????? Beep
Going to pore one out for AOL dialup. I met my wife on line and she was using AOL Dialup at the time.
I would never have thought that I would become nostalgic for the sound of a modem connecting back then.
Floppy disks that are in good condition have been harder to get lately. Suck for the retro computing folks.
AOL; fat cats. Juno or die!!!
although I did use AIM, and that is how I finally learned to type properly after years of mavis beacon failing to break my poor typewriter habits.
In reply to californiamilleghia :
What's frightening is that so do several former heads of government agencies, including the (2012? 2010? I don't remember when he got named specifically on an AOL data leak) head of the CIA.
I had no idea it was still a thing.
I can only imagine how long it would take a modern web page to load over dial-up.
Click a link, go have dinner and a movie, and still wait for the page to finish loading.
I am surprised this is a thing also. I looked up 56k modems to see if they still sell them. This is what they look like
In reply to Toyman! :
It's still a thing. There are still areas in the US where the only non-satellite based Internet access is via dial up.
In reply to BoxheadTim :
Apparently, but I would think the entire internet would be useless at dial-up speeds. I vividly remember how painful images were to load at 56k.

In reply to Toyman! :
With the way most of the web is going, dial up is probably just workable for email.
In reply to BoxheadTim :
Even then you'd probably need to have it configured not to load any images. I bet the average marketing email I receive is >1/4 mb just from a few images shoved inside.

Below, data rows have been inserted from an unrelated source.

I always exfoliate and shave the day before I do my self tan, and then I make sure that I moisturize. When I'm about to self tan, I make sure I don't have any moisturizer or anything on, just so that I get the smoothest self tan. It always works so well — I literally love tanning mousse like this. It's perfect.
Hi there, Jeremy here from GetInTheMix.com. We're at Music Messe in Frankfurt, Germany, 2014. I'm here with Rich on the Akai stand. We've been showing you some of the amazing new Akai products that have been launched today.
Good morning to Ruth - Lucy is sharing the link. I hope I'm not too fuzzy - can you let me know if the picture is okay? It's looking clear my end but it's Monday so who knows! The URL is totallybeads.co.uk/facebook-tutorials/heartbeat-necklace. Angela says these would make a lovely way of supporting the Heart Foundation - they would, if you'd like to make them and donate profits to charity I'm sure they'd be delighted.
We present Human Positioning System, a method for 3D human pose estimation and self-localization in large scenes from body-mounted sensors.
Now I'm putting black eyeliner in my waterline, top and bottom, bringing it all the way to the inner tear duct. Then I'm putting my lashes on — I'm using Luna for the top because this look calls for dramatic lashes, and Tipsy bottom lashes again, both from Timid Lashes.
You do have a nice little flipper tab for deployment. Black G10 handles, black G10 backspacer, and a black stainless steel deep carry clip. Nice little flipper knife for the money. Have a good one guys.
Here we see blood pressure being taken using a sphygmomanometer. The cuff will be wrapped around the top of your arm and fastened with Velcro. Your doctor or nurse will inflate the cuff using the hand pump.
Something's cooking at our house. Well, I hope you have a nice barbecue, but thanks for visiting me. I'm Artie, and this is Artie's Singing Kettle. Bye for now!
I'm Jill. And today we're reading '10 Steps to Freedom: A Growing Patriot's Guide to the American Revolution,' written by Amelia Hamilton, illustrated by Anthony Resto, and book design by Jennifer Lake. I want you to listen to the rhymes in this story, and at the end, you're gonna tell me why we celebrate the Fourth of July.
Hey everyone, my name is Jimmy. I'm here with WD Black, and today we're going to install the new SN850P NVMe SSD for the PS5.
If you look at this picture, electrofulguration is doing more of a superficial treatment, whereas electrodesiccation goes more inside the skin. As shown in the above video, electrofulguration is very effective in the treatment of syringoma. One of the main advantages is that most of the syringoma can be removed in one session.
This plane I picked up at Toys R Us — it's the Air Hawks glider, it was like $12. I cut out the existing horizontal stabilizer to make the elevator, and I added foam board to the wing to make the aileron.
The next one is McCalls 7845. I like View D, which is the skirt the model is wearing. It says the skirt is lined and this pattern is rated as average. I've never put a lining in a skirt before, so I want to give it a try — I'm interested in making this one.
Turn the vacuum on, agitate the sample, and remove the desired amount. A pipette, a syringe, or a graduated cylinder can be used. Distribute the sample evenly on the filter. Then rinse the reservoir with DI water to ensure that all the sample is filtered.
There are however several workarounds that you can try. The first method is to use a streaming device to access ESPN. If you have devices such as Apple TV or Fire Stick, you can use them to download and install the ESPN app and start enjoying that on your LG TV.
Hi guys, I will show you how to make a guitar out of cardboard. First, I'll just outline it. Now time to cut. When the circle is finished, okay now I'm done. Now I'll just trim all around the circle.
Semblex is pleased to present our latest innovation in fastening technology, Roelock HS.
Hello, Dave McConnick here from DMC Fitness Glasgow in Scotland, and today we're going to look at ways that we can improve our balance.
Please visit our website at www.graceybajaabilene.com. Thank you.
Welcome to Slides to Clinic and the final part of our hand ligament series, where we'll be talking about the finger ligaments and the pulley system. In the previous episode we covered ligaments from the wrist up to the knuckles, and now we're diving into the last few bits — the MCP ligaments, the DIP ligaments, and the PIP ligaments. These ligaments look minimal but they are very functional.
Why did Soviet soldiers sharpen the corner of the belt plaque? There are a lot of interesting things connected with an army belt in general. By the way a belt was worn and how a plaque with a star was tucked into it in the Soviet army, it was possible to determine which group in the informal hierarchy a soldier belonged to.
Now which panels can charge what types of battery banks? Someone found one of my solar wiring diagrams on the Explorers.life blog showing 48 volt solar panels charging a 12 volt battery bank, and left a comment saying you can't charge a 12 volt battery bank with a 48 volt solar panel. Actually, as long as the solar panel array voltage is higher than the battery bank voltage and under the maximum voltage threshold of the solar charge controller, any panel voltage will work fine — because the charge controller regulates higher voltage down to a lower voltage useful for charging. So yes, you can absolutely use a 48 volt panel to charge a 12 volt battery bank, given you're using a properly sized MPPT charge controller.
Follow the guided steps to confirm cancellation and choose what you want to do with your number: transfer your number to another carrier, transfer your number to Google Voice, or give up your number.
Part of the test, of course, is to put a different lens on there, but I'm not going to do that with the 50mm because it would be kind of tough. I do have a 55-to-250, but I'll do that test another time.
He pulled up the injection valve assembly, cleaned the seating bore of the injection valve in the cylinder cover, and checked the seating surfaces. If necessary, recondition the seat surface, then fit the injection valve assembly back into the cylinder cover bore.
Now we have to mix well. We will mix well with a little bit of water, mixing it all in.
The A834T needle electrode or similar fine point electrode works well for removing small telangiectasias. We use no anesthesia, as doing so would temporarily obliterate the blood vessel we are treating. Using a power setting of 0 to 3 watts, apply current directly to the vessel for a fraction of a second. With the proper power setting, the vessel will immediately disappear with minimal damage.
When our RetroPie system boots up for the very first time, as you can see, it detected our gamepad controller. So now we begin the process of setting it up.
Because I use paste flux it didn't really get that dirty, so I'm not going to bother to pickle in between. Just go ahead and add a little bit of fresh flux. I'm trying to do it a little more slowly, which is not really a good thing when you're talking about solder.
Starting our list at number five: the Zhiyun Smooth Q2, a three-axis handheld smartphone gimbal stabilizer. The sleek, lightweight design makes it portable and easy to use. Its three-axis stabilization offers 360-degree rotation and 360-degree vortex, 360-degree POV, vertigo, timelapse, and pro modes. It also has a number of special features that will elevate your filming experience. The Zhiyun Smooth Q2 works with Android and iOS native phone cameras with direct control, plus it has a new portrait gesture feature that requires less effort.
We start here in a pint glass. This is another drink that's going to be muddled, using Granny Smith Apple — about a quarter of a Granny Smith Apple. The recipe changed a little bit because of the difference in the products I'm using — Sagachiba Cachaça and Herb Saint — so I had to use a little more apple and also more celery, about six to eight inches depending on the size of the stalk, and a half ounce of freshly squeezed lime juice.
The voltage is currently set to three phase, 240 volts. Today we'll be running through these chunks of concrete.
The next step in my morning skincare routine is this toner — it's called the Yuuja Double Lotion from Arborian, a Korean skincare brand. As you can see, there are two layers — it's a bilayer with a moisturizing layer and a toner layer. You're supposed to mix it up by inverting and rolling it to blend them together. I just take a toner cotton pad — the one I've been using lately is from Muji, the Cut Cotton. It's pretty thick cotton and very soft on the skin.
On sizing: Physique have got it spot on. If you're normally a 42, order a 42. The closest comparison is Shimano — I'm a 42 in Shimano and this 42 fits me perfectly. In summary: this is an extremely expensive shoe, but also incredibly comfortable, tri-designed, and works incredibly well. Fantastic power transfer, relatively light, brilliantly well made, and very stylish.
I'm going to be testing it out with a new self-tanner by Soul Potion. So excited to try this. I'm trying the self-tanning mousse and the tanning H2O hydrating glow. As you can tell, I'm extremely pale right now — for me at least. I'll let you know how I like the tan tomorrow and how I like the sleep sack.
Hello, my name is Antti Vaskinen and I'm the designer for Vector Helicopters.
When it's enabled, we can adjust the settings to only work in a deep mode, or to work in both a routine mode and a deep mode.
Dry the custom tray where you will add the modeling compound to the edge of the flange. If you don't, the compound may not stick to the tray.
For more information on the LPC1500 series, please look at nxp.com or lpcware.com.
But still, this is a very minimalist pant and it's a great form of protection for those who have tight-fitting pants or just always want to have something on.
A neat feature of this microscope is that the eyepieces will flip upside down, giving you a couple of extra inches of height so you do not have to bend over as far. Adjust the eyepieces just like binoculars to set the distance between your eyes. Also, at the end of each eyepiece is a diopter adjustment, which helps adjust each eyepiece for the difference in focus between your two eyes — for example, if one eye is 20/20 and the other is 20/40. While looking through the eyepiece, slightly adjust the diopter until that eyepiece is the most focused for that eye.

In reply to TravisTheHuman :
That's how my email clients are generally configured anyway
. Not a fan of tracking pixels, for starters.
I meet people that still have AOL email addresses, mostly at work. Like dude, you're a grown-up making adult $$, maybe a newer email address? But I didn't know dial-up was still a thing.
And we have floppy disks in our inventory here, both double and high density. Have to make sure we count both correctly.
Toyman! said:I had no idea it was still a thing.
I can only imagine how long it would take a modern web page to load over dial-up.
Click a link, go have dinner and a movie, and still wait for the page to finish loading.
The last time I tried dial-up Internet was at an uncle's rural property in the early 2010s. Ordinary web pages took 1-3 minutes to load completely. And it would be far worse today.
I clicked on this 5 days ago, and my dial-up connection finally loaded the whole page. Might have to finally upgrade from Windows 97 while I'm at it.